The impacts of aircraft NOx-emissions on radiative forcing occur often far downstream from the emission location. There is a considerable local variation of these effects relative to the global mean, which implies that future shifts of the major air routes will have an effect on the global mean forcing even if the total amount of emissions would not change.
The relative humidity field on cruise levels, simulated with current numerical weather prediction models, is currently not of sufficient quality for contrail-avoiding flight routing.
Analysis of contrail data from an earlier measurement campaign (ML-Cirrus, 2014) showed that contrails can survive in a slightly subsaturated environment for a couple of hours. This finding has a consequence on our understanding of “persistence” and on strategies to avoid persistent contrails.
An extensive evaluation of the global models with IAGOS has been performed at flight altitude based on a newly developed evaluation tool. The models have been updated and improved based on this evaluation.
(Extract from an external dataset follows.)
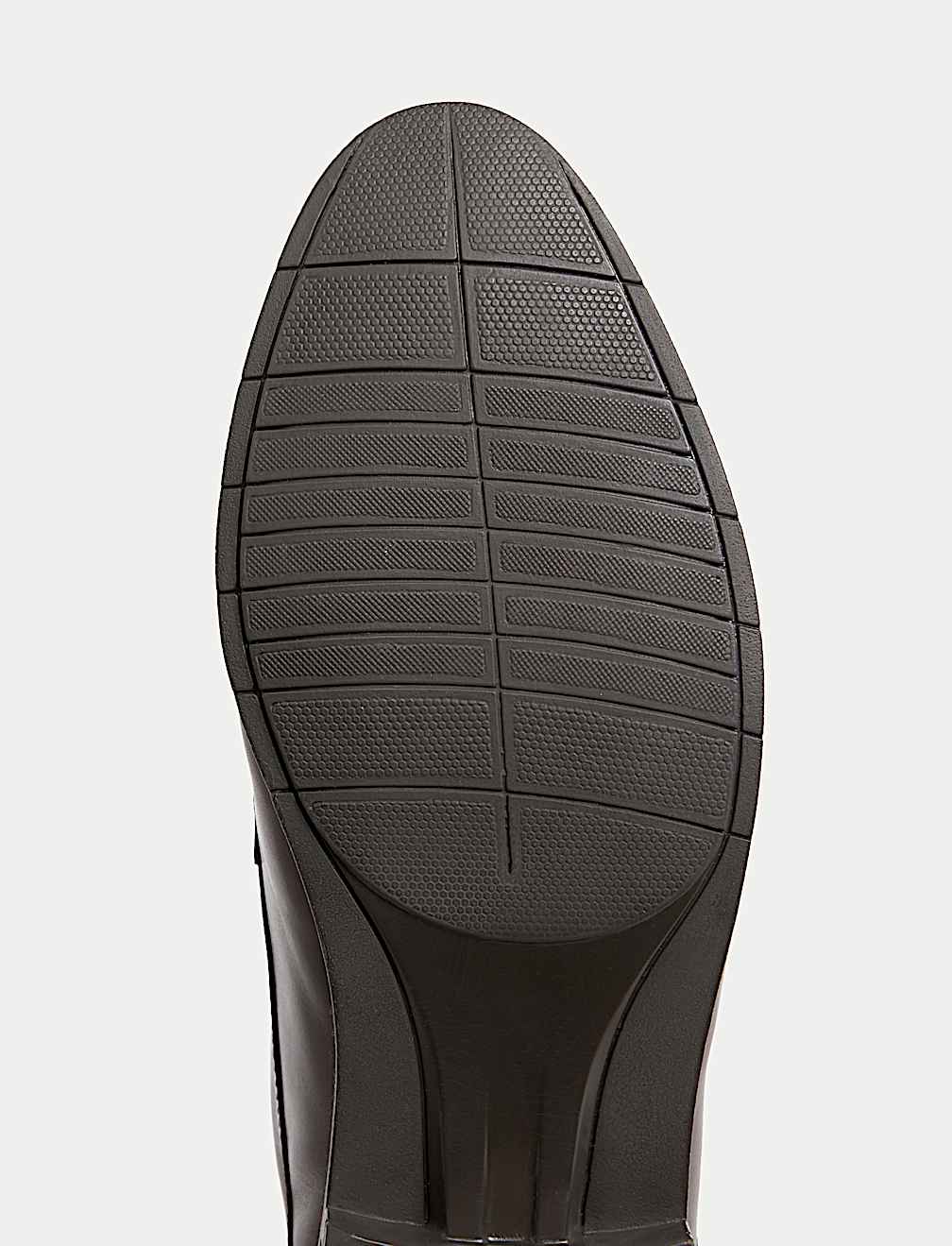 Airflex™ Leather Derby Shoes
The chemical response of the atmosphere to NOx emissions from aviation has been studied with five models. These resulted in similar response patterns, but considerably variable amplitudes. Critical components of the chemistry schemes have been identified which will be investigated further. Background NOx from lightning is critical due to the non-linear character of atmospheric NOx chemistry. The five global model perturbations have been used to calculate the radiative forcings associated with NOx changes (ozone and methane) for both present-day and future (2050) conditions under different scenarios for aircraft and background atmospheric conditions.
Interhemispheric contrasts of ice crystal number concentrations in cirrus clouds have been determined from a pole to pole airborne measurement campaign (ATom). It turns out that ice number densities are very variable (more than one to two orders of magnitude variation), and that they tend to be larger in the northern than in the southern extratropics.
A White Paper on concepts for observation strategies for aviation non-CO2 emissions has been written, covering the three aviation effects with the highest uncertainties.
A novel approach to uncertainty assessment for the three main aviation non-CO2 effects has been developed and applied. The approach is to build conceptual models (equations) of the type: “aviation-driven perturbation × radiative efficiency × fractional coverage” and then use the published literature to estimate uncertainties in the different terms.
Four scenarios developed by ICAO-CAEP assuming various types of fuel and covering both tailpipe emissions plus emissions from manufacturing the fuel have been investigated. The temperature response of the atmosphere for these scenarios has been calculated with the CICERO simplified climate model.
Various options for a potential inclusion of aviation in the Paris Agreement have been discussed.